Washougal to cut 244 positions if levies fail again

By Doug Flanagan, Camas-Washougal Post-Record
Published: March 14, 2023, 6:04am

The Washougal School District announced it will be forced to cut 244 staff positions for the 2023-24 school year if its educational programs and operations and capital facilities and technology levies fail again in April.

Assistant Superintendent Aaron Hansen told school board members that the cuts represent a 20 percent reduction in the district’s operating budget.

“Eighty-five percent of our budget is staffing,” Hansen said, “so if you imagine that 20 percent of that budget is gone, we’re looking at (reducing) the bulk of the budget, (which is) staffing.”

The district is preparing to remove 40 teachers, counselors, and certified staff members; 44 paraeducators, custodians, bus drivers, secretaries and other classified staff members; five district administrators; and 155 coaches and club advisers from the district’s 2023-24 budget, according to Hansen.

“Looking at the impact of this list, they are numbers and positions, but they are also people,” Hansen said. “I think about (the people) in those positions, they are ‘our’ people. They’ve been committed to this community, and work hard every day to support our students, our staff and the mission of the school district.”

The district will rerun the levies, which would allow it to pay for athletics, arts, technology and other services not funded by state or federal governments, on April 25. Both measures failed in February, earning 47 percent of the vote.

If the levies fail again, the district would implement a series of reductions to athletics, clubs and field trips, fine arts, summer school, preschool, behavior and student interventions, professional development, campus security, operations and board set-asides, and instructional student supports.

“Our youth need opportunities to engage in positive after-school activities,” Washougal School Board member Jim Cooper said in a news release. “The local levy is the way school districts in Washington state fund the sports and clubs that engage kids. Can you imagine what the Washougal community would be like with 1,000 teenagers hanging out after school with nothing positive to do?”

If the capital projects and technology levy fails again, the district would implement a series of reductions to technology devices, technology staff members, teacher and classroom technology, and software and network infrastructure, and postpone a variety of planned projects, including Washougal High School roof replacement, security door improvement, Americans with Disabilities Act-accessible entrances, floor replacement, boiler replacement and repairs for air conditioning and heating controls.

The district is looking at a “hard, hard reality” if the levies fail again in April, Superintendent Mary Templeton said during the Feb. 28 meeting.

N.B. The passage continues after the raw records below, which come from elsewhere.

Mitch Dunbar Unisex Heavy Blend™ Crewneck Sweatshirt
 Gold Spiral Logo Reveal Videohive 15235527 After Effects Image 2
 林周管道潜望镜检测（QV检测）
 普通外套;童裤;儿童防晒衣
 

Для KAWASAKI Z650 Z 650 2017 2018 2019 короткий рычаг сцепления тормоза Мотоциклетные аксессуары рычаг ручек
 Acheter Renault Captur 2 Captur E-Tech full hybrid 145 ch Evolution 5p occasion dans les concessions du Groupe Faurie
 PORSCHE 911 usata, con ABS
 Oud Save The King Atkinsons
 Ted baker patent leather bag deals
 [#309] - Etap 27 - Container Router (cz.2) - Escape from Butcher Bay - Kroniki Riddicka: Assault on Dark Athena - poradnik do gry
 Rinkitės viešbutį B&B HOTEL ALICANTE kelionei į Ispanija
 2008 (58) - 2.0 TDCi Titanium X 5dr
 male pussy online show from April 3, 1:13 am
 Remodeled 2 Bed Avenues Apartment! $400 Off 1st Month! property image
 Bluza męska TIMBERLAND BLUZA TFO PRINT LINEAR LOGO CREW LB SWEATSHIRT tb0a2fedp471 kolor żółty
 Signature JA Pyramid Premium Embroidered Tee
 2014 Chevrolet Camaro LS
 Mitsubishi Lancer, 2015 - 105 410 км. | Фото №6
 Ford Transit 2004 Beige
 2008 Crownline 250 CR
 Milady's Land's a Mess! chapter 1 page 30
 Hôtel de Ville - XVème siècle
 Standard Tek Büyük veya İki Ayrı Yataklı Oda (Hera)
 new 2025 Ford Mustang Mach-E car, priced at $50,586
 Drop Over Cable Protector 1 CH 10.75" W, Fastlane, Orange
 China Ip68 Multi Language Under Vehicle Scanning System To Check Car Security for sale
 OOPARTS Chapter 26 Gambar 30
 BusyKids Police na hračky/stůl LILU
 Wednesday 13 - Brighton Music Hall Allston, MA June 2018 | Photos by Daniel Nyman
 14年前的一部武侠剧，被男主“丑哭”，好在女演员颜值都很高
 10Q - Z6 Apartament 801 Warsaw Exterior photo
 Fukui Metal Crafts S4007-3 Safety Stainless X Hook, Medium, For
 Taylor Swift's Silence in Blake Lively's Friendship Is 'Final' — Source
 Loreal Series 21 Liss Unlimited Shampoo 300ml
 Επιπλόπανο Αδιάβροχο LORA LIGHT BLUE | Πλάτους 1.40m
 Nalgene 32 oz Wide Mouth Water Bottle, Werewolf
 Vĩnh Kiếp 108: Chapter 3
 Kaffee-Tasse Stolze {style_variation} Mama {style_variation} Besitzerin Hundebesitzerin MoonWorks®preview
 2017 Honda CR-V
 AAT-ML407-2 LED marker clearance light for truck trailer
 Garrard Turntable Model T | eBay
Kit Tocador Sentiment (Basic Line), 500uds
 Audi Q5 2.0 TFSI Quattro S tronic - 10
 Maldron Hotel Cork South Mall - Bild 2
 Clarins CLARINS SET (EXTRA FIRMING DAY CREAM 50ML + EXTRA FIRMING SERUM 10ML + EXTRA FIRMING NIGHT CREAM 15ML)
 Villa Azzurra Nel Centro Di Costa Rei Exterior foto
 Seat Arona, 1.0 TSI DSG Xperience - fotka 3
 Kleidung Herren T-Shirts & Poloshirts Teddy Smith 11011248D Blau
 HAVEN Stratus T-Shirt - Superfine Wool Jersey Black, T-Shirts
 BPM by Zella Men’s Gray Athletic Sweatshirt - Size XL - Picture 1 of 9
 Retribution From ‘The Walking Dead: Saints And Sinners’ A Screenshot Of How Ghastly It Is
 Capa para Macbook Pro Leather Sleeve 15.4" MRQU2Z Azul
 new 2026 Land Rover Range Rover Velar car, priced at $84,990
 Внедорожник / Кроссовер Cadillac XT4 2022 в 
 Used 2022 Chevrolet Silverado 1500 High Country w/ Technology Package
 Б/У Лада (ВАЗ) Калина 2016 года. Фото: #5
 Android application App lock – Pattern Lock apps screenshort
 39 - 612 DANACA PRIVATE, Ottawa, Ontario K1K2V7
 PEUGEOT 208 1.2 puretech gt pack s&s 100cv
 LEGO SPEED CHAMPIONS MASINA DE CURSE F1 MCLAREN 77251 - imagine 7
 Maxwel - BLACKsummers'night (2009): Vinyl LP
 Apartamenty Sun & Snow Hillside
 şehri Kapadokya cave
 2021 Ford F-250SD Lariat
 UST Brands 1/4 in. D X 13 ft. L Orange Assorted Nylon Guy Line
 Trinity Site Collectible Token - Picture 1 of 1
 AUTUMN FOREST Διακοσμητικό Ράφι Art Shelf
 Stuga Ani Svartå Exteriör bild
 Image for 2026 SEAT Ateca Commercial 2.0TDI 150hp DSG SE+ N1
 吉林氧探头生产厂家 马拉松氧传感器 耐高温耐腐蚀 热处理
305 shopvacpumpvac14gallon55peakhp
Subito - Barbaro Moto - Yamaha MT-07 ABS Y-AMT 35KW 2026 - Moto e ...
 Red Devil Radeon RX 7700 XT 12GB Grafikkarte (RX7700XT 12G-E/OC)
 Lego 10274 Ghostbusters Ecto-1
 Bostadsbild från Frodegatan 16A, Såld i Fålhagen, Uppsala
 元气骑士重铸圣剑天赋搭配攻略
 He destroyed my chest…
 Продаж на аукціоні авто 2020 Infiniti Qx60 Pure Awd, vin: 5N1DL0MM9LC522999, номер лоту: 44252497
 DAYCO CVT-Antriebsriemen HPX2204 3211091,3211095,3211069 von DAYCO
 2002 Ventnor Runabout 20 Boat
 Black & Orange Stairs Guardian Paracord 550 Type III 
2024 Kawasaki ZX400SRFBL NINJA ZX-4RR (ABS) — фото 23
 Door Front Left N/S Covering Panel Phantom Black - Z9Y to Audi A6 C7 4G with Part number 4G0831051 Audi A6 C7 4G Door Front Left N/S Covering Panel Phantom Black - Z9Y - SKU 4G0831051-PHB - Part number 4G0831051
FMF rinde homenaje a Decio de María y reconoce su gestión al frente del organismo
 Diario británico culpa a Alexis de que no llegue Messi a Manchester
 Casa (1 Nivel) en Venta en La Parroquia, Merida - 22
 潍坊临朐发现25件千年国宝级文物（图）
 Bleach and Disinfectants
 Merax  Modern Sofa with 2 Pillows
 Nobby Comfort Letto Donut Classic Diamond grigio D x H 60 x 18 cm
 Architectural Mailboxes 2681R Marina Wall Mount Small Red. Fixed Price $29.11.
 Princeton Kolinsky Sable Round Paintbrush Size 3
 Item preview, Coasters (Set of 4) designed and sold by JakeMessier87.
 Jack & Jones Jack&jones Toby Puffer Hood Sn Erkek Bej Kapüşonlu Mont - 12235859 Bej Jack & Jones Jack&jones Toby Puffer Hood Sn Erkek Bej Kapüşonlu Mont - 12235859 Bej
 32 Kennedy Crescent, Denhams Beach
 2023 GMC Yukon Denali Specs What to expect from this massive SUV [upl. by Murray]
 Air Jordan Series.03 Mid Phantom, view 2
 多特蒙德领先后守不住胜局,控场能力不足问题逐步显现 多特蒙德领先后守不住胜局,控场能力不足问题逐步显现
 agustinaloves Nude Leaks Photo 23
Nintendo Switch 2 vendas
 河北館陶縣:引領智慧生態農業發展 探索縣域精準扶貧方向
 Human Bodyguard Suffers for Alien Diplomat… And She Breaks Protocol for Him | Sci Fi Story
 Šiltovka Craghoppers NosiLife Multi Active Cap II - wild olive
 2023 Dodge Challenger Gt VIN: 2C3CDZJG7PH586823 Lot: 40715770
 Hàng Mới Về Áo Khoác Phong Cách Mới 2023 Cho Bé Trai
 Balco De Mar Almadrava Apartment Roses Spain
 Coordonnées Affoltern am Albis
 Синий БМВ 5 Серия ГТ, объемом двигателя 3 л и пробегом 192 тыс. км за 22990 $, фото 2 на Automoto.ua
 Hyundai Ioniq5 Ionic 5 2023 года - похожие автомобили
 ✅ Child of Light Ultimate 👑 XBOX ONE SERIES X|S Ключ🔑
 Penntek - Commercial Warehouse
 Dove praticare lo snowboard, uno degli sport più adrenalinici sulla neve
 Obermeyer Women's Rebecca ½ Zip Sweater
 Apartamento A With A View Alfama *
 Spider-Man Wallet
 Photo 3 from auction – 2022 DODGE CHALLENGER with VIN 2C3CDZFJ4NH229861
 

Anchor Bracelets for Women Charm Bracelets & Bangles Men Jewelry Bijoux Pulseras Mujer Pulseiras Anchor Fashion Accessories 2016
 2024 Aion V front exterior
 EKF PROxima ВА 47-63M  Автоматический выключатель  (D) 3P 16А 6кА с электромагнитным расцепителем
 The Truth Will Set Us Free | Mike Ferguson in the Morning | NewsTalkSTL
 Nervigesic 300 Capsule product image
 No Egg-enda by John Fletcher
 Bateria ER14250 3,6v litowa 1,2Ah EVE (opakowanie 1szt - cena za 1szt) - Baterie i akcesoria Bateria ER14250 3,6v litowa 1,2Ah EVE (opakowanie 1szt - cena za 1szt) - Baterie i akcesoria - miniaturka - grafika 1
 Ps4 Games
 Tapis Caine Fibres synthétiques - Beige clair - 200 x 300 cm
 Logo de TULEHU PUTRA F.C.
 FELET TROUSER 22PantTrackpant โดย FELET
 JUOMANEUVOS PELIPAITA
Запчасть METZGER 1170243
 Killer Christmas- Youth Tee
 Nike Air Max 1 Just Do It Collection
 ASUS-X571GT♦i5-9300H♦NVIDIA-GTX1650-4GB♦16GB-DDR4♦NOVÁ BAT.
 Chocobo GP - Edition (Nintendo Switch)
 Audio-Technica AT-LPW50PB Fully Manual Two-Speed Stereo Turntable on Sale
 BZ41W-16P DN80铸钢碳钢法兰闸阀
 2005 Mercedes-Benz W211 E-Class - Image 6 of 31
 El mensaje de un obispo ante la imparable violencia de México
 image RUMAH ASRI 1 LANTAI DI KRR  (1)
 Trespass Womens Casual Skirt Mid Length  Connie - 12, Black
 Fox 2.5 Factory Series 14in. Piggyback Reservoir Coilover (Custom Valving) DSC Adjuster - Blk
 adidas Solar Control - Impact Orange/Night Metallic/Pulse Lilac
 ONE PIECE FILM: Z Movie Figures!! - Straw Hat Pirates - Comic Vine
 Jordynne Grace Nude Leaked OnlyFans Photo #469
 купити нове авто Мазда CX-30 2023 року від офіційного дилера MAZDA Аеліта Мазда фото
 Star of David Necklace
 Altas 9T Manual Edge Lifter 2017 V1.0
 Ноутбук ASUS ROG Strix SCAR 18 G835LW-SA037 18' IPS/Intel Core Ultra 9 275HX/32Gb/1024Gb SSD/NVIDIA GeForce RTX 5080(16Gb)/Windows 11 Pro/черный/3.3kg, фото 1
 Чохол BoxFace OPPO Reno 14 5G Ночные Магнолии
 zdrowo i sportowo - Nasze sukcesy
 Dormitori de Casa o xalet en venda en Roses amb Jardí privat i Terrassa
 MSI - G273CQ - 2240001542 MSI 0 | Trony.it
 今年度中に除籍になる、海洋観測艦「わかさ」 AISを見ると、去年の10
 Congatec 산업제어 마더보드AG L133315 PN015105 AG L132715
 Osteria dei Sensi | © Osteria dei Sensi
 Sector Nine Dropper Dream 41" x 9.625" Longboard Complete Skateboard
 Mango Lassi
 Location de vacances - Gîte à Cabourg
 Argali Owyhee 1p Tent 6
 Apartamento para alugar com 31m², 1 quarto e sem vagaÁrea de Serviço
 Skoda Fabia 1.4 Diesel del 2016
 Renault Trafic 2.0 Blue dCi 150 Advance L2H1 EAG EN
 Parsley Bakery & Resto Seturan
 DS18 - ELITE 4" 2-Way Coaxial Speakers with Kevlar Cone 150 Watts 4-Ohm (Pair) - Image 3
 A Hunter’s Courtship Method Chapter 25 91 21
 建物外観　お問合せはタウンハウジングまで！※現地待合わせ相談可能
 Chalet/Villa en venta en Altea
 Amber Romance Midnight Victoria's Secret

“Schools would not look the same without levy funds,” she said in the news release.

‘Listening tours’

The district is planning a series of “board listening tours” to solicit feedback from community members about the failed levies. The sessions will be held from 5 to 7 p.m. Thursday; 4 to 5:30 p.m. March 28; 4 to 5:30 p.m. April 11; and 9 to 11 a.m. April 21, at locations to be determined.

The district also will host an open house to discuss the levies from 5:30 to 7 p.m. April 10, at its administrative office, 4855 Evergreen Way, Washougal.

“We are learning a tremendous amount through this process,” Templeton said during the Feb. 28 meeting. “It’s been a hard, hard two weeks, but we’ve leaned into that failure.”

Templeton also stated that the proposed measures would replace the district’s current levies that expire at the end of 2023.

“This is not a new tax,” she said. “It’s a replacement levy.”